If there’s a lesson to be learned from Soundodger+ it’s that music is made of evil. Every note spawns a wave of pointy death and the only defense is to try not to get hit, even when the screen is crowded to bursting. No matter how relaxing a song may sound, it’s packed full of bullet patterns waiting to tear through you. Thankfully you’ve got infinite lives, but the shame of failure is hard to ignore.
Soundodger+ is the full version of the web game Soundodger, which came out in June to a good amount of acclaim. The basics are the same, and there’s no visual upgrades seeing as none were needed, but the song count has almost doubled to 23 tracks by 15 musicians, many of whom are familiar and several more who deserve to be. Austin Wintory (Journey, Monaco), Danny Baranowsky (Super Meat Boy, Binding of Isaac), Disasterpeace (Fez), and a many more provide the music to keep the bullet patterns flowing.
Like the best music games, the songs are central to the experience. Simply dodging waves of bullets is somewhat entertaining in a mechanical way, but set the patterns to music and you’re basically dancing against the song. You’re a little circle in the middle of a large circular arena, and circles rotating around the arena’s edge fire three types of bullets at you. The common triangle carries the bulk of the offense, and while they always travel in a straight line it can get crowded very quickly when multiple swarms start converging from different directions. The second most common bullets are the squares, which home in on you just long enough to make sure you have to keep moving, until they run out of juice and impact on the arena’s wall. The final enemy is the sphere, which doesn’t do much other than take up a lot of space. You might be able to sneak through a small gap in a pattern of triangles, but when the spheres swarm out it’s like an impenetrable wall. Soundodger+ isn’t shy about throwing ridiculous amounts of firepower around the screen, and its unique arena with the circles rotating around its edge makes for some truly lovely curving patterns.
Fortunately, it also starts off easy. The initial songs provide a great warmup, and it’s easy to get a good percentage score. Move with the mouse, activate slowdown with a button if you don’t mind taking the scoring penalty, and that’s all the controls there are. As the bullets fly a colored circle (there’s a lot of circles in this game) starts growing slowly in the center of the screen, and when it reaches the arena’s edge the song is complete. The problem is that the colored part is the bit you didn’t screw up on. Take a hit and, while the ring keeps growing, the color shrinks a bit as the song speeds up and all bullets on screen fly to the edge, leaving you with a cleared area and brief invulnerability while you get back into the song. At the end of the level your percentage score is the amount of the arena that’s colored in, and this is what unlocks harder levels.

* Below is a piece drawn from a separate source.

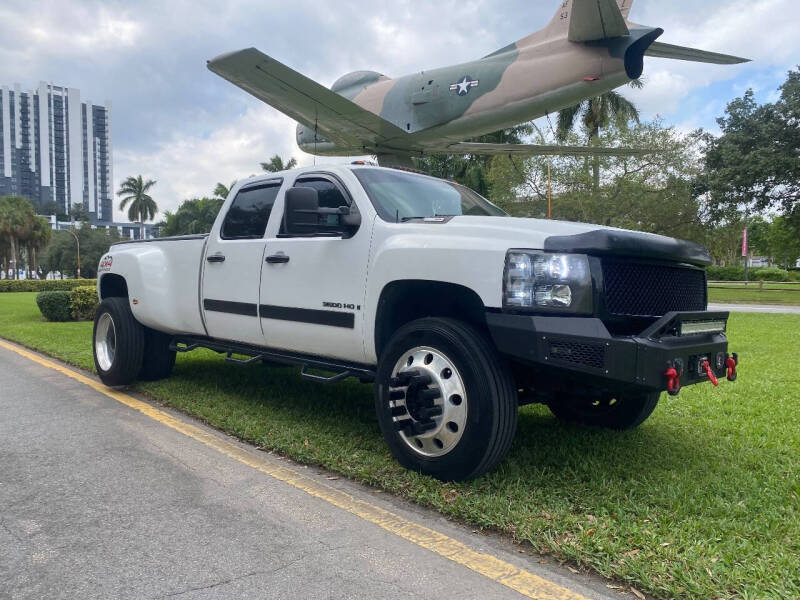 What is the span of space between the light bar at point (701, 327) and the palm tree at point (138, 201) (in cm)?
8830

While this should technically mean you need to work to earn the later songs, if you just keep playing one at a time there should be no problem unlocking everything but the bonus tracks. On the plus side, it’s nice to be able to advance, but it’s also very easy to get in over your head. You can brute-force your way to the last track, but taking a hit every ten seconds on the final songs isn’t exactly fun. A harsher restriction on accessing the later levels would make advancing a bit more frustrating, but would also mean you’ve had the practice to survive with a bit of grace.
The bonus levels, on the other hand, are a lot harder to access. So hard that I have yet to see even one of them, in fact. Once you get halfway through the level list Soundodger+ starts being a little bit forgiving by throwing out a single heart per level. Grab the heart and it absorbs a hit with no penalty, but if you clear the level without taking any damage it goes towards unlocking one of five bonus levels. They’re probably really nice, but it takes nerves of steel and the precise iron control of a surgeon to see one.
While there’s a ton of content in the main game, with most of the songs having multiple versions of varying difficulty, there’s still more to explore. Auto-gen Mode has the game generate patterns for any music you might have hanging around the hard drive, and while the patterns are nowhere near as intricate as the hand-choreographed regular levels it’s still fun to toss the occasional song at it to see what falls out. If you want something that provides a proper challenge, though, you’ll need to poke into the Editor, where you can create your own deadly bullet swarms with a bit of effort.
Soundodger+ is a lovely and brutal exercise in pure arcade music gaming. The goal is simple, the controls basic, and yet there’s still more than enough happening to keep your attention riveted on survival while any parts of your brain left over enjoy the interplay of the bullets and music. The soundtrack is excellent, the visuals clean and clear, and the challenge level an utter bastard. Even the hardest levels make you want to try for perfection, though, and pull you back in for one last attempt even when you know it’s not going to happen. That’s how arcade games are supposed to work, and Soundodger+ nails it with style.